Speech Animation using Dynamic Visemes

Lead Research Organisation: University of East Anglia
Department Name: Computing Sciences

Abstract

This project will investigate new methods for automatically producing speech animation. For animators in the movie industry this is typically a tedious, iterative process that involves key-framing static lip-poses and then handcrafting a blending function to transition from one key pose to another. In is not uncommon for an animator to spend several hours producing animation for just a few seconds of speech.

We have previously worked on identifying a new dynamic unit for speech animation, termed dynamic visemes, and have shown that these units produce better animation than more traditional phoneme-based units. In this project we will integrate dynamic visemes into state of the art approaches to further improve upon the quality of automated animation that is currently possible. Furthermore, we will investigate how dynamic visemes relate to speech acoustics so that animation can be generated directly from the voice of an actor.

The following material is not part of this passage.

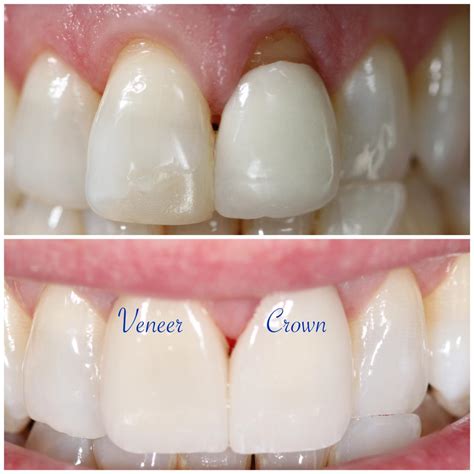 A Complete Guide To Porcelain Veneers Waterden Dental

We will build tools that can be implemented in commercial animation pipelines so animation studios can use our tools as a basis for animating any speech on their own models. This will leave their artists free to focus on the overall performance of the character.

The proposed project is ambitious in its aims, proposing a new approaches for producing better speech animation. However, the impact of the work is wide reaching and has the potential to influence the production of speech content in all animated movies and computer games.

Planned Impact

During the course of this project we will develop new techniques for producing better quality speech animation than is available using the current state of the art. These techniques will be implemented in easy to use tools that will remove the burden from professional artists in the production of animated speech content. The artist will need only provide the audio assets from the actor and our tools will automatically generate the lip motion synchronised with the spoken words. The artist can then focus on the character performance, e.g. adding the expression and head pose variation to bring the character to life.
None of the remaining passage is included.